■ **Problem to work on**
Only the lines from the one with "Photo - 1342 S Cathay Ct Unit 202" through the last line of the data below are to be duplicated, exactly and without pictures.

[Scraped caption text data]
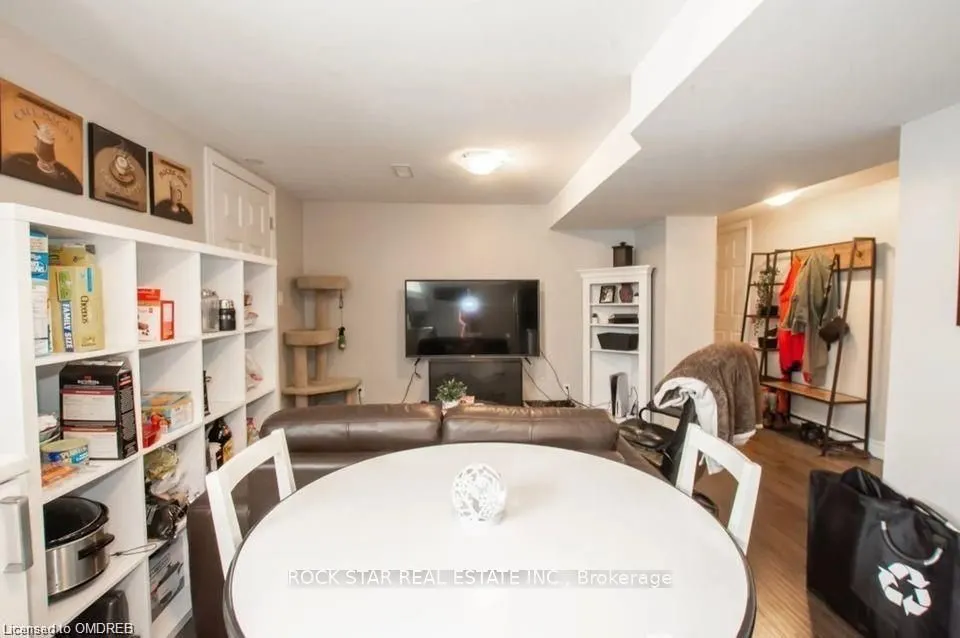 17 Ridgeview Avenue, #Lower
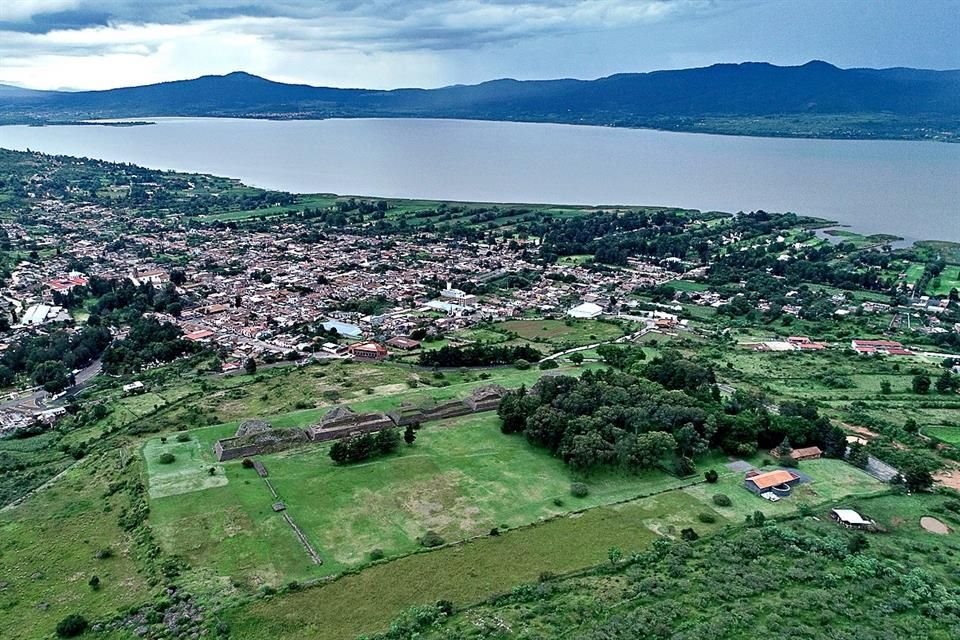 Tzintzuntzan cuenta con hermosas vistas verdes.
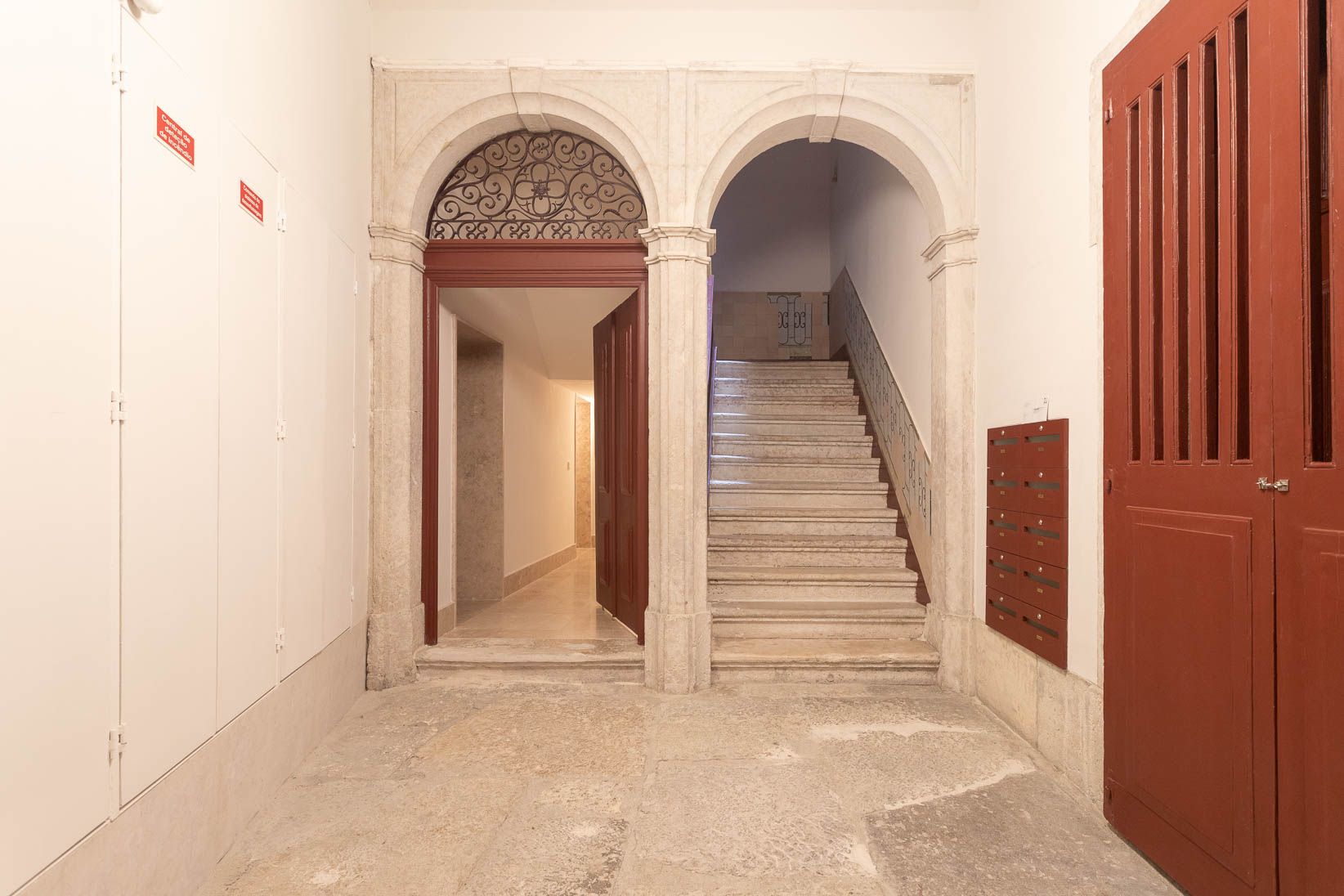 1 bed Apartment For Sale in Lisbon, Lisbon Metropolitan Area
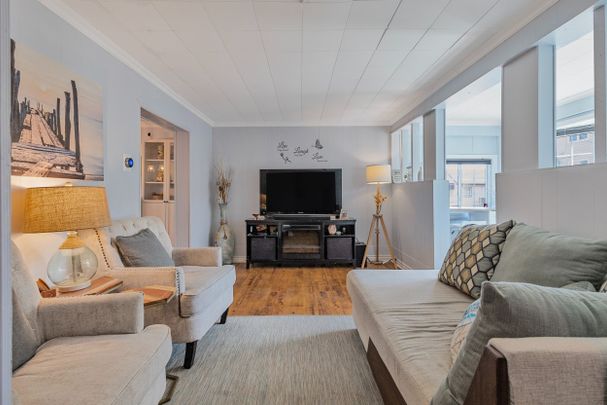 For Lease - 1 Mareve Avenue, Hamilton, Ontario - Photo 1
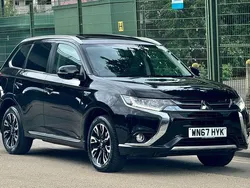 Black Used 2017 Mitsubishi Outlander P-HEV Estate | £10,995 (Fair price)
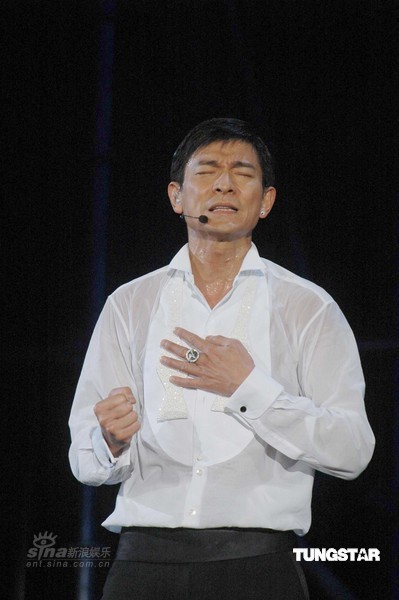 刘德华全国巡演上海开唱 出意外险些坠台【图】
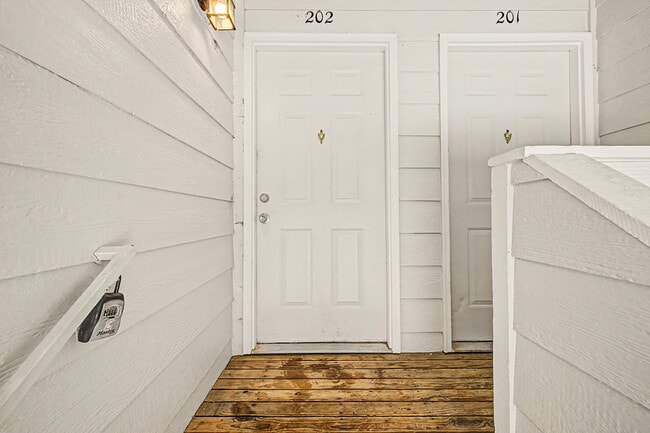 Photo - 1342 S Cathay Ct Unit 202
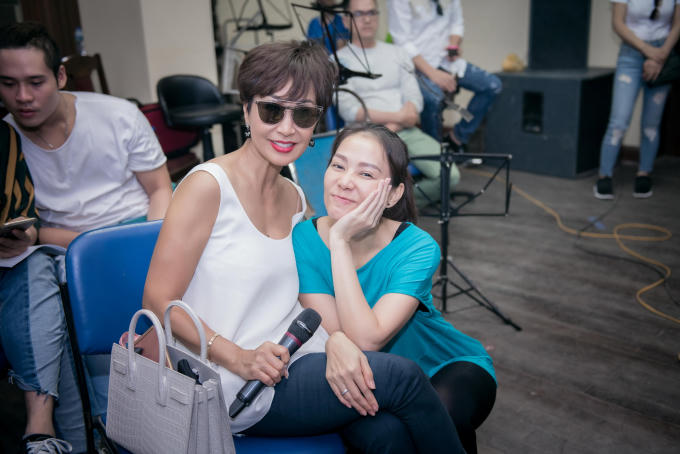Ca sĩ Thu Minh rạng rỡ nở nụ cười nhưng vẫn không giấu được sự mệt mỏi của mình.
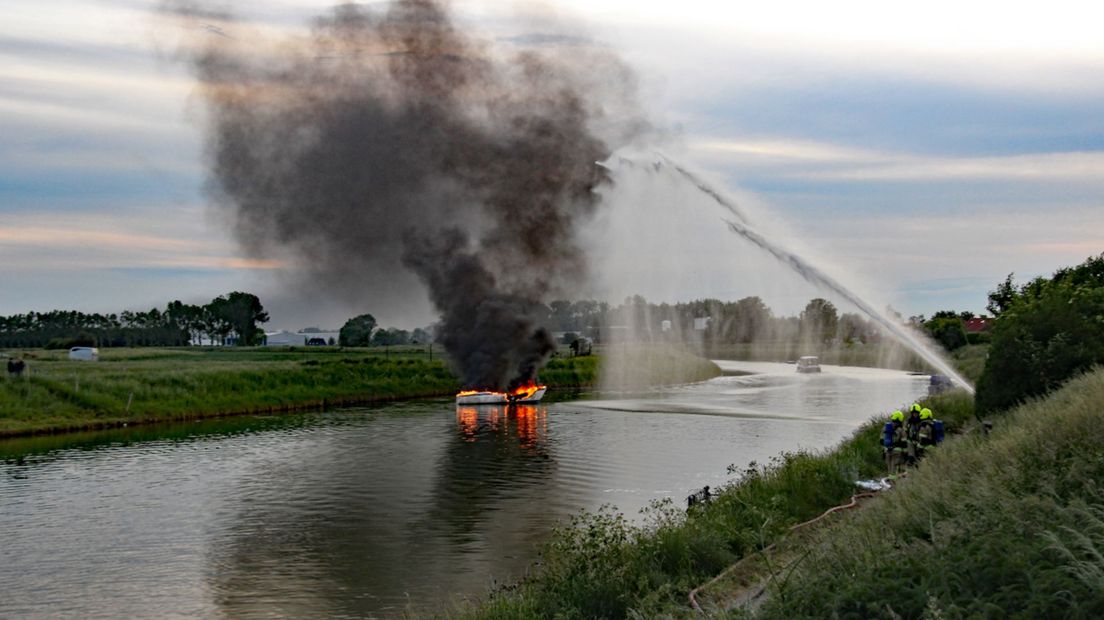Uitgebrand jachtje bij Arnemuiden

■ **Written answer**
 Photo - 1342 S Cathay Ct Unit 202
Ca sĩ Thu Minh rạng rỡ nở nụ cười nhưng vẫn không giấu được sự mệt mỏi của mình.
Uitgebrand jachtje bij Arnemuiden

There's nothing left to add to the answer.